Please repeat the lines below, exactly and only, from the one that holds "Photo of property" through the one that holds "Load image into".

◆ Records provided ◆
====

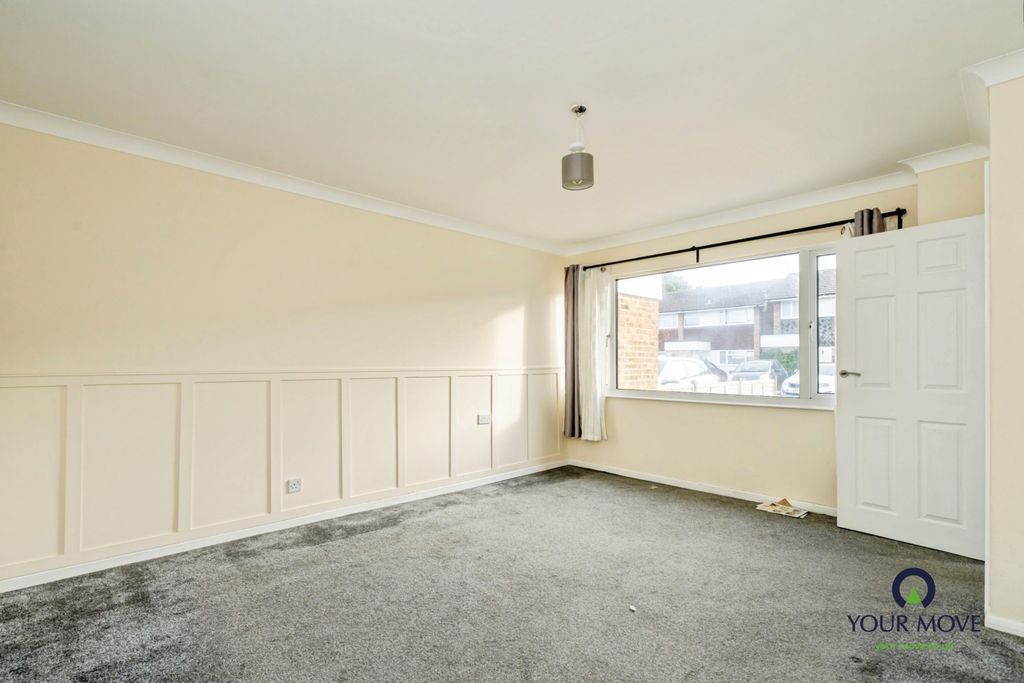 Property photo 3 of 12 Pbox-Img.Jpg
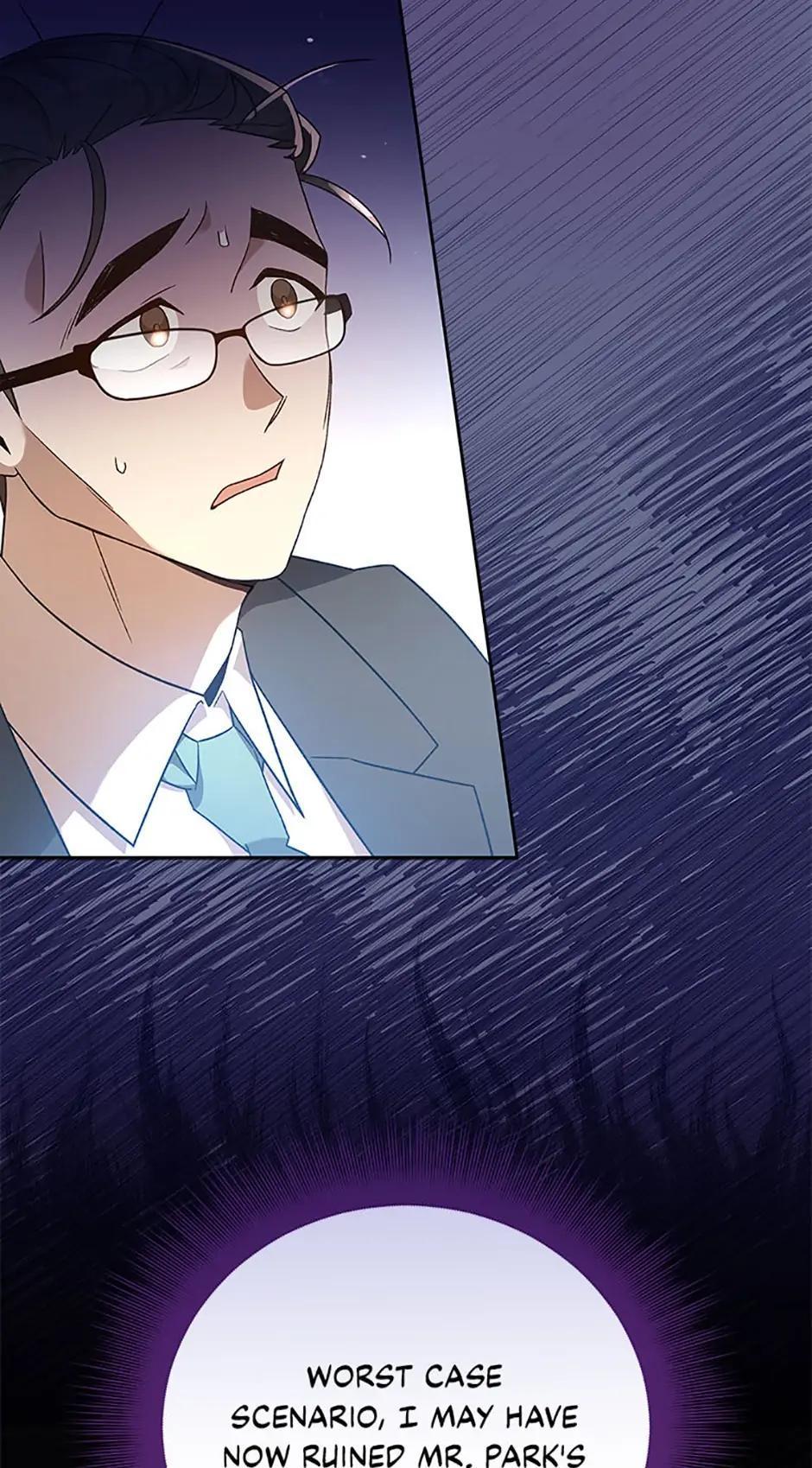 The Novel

====

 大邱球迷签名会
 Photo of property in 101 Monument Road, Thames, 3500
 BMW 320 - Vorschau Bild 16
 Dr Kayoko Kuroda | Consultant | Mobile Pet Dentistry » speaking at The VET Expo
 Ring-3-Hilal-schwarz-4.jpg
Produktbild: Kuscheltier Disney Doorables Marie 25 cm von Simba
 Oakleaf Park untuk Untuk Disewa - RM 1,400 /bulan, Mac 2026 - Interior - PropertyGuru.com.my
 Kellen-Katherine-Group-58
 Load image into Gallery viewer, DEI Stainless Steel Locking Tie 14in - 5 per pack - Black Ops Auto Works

====

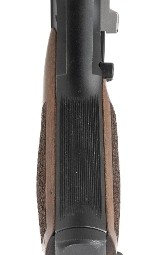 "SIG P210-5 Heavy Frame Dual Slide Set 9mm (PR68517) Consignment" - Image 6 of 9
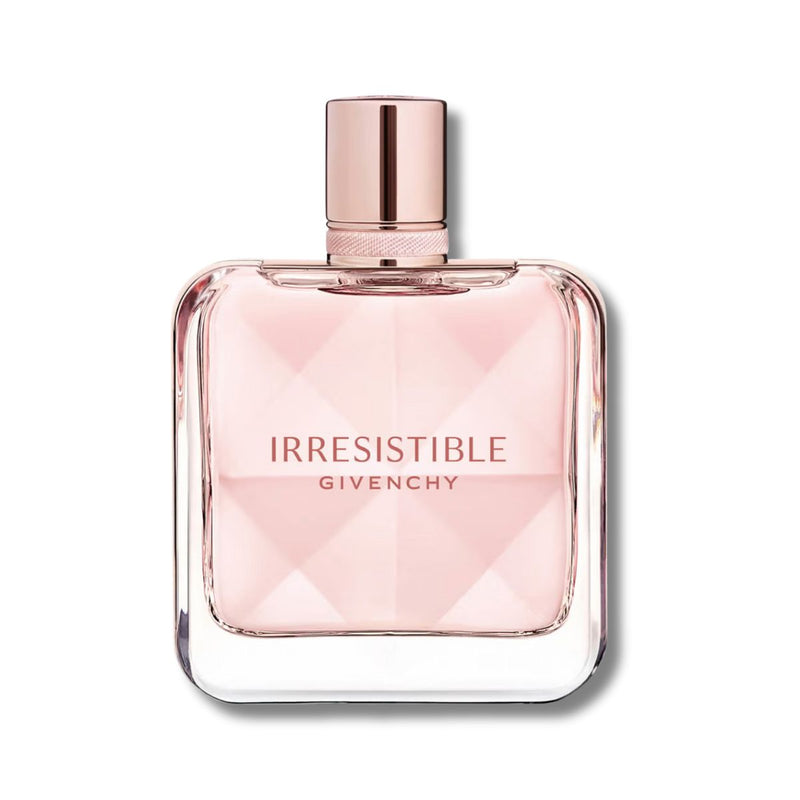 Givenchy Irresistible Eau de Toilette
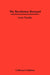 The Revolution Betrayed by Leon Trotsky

====

◆ Solution for this problem ◆
 Photo of property in 101 Monument Road, Thames, 3500
 BMW 320 - Vorschau Bild 16
 Dr Kayoko Kuroda | Consultant | Mobile Pet Dentistry » speaking at The VET Expo
 Ring-3-Hilal-schwarz-4.jpg
Produktbild: Kuscheltier Disney Doorables Marie 25 cm von Simba
 Oakleaf Park untuk Untuk Disewa - RM 1,400 /bulan, Mac 2026 - Interior - PropertyGuru.com.my
 Kellen-Katherine-Group-58
 Load image into Gallery viewer, DEI Stainless Steel Locking Tie 14in - 5 per pack - Black Ops Auto Works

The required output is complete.